Please take the entries below from the first line through the line containing "Miss Kirsten Vogt, Obstetrician" and repeat them exactly, leaving out everything after.

<<<<

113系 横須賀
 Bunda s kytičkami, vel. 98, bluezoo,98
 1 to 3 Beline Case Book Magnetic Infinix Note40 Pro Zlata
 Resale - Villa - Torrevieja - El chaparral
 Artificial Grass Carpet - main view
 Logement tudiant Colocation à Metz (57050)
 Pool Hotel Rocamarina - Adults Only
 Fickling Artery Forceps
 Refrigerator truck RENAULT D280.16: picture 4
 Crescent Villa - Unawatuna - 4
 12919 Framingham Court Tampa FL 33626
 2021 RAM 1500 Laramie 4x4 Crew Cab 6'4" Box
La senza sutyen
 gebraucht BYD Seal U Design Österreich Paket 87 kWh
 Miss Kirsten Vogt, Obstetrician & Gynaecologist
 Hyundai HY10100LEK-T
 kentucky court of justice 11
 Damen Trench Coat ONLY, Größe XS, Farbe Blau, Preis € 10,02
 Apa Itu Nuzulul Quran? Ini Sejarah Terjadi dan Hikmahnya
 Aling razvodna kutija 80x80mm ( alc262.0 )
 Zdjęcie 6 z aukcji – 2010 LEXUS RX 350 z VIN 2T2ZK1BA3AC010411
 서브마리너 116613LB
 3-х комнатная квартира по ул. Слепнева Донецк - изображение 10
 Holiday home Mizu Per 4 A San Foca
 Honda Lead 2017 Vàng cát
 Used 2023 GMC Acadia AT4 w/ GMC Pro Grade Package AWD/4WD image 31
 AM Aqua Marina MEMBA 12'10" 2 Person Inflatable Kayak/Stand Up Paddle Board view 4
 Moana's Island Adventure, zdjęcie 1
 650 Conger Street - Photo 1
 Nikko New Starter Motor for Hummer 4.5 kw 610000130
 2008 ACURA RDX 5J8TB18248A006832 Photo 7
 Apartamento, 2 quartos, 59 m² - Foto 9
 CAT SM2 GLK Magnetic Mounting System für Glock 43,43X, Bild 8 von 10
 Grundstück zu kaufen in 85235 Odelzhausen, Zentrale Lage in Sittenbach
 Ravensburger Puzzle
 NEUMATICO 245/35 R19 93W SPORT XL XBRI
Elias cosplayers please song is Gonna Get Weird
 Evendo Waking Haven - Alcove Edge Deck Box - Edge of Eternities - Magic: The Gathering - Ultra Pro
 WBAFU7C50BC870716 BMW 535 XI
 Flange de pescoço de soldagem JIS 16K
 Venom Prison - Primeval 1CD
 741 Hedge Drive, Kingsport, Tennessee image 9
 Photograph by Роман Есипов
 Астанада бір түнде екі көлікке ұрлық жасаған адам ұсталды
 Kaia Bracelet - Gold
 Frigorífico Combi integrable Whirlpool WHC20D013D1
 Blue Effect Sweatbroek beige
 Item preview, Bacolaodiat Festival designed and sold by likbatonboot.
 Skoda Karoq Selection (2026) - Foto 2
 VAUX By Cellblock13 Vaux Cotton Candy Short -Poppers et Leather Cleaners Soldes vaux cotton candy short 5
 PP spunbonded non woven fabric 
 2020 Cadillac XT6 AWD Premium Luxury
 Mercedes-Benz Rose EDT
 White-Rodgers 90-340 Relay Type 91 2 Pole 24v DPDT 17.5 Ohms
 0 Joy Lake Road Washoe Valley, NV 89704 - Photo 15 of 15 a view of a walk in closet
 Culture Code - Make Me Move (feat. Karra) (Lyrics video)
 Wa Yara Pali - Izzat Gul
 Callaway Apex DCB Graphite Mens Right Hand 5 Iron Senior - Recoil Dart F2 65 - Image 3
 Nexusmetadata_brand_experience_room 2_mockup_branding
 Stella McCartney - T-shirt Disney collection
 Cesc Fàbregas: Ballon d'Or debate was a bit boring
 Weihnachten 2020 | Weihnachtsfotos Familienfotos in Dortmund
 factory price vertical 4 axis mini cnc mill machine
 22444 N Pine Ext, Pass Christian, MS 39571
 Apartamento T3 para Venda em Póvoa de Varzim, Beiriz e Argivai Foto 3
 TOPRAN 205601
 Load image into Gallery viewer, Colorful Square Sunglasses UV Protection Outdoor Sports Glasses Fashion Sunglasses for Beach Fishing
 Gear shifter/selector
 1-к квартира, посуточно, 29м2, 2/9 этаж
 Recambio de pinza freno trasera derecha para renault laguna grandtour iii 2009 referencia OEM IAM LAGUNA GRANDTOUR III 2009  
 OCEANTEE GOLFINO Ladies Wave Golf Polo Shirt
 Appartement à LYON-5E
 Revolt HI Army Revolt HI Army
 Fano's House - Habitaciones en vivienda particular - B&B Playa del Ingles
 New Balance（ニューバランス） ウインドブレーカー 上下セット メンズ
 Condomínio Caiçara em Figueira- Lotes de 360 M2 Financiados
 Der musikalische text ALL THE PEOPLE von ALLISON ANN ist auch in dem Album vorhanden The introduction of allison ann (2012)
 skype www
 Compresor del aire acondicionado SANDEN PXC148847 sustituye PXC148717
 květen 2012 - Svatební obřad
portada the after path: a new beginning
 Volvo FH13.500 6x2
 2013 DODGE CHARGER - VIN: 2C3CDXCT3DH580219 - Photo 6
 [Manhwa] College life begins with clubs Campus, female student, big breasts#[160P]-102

>>>>

Result of this exercise:
113系 横須賀
 Bunda s kytičkami, vel. 98, bluezoo,98
 1 to 3 Beline Case Book Magnetic Infinix Note40 Pro Zlata
 Resale - Villa - Torrevieja - El chaparral
 Artificial Grass Carpet - main view
 Logement tudiant Colocation à Metz (57050)
 Pool Hotel Rocamarina - Adults Only
 Fickling Artery Forceps
 Refrigerator truck RENAULT D280.16: picture 4
 Crescent Villa - Unawatuna - 4
 12919 Framingham Court Tampa FL 33626
 2021 RAM 1500 Laramie 4x4 Crew Cab 6'4" Box
La senza sutyen
 gebraucht BYD Seal U Design Österreich Paket 87 kWh
 Miss Kirsten Vogt, Obstetrician & Gynaecologist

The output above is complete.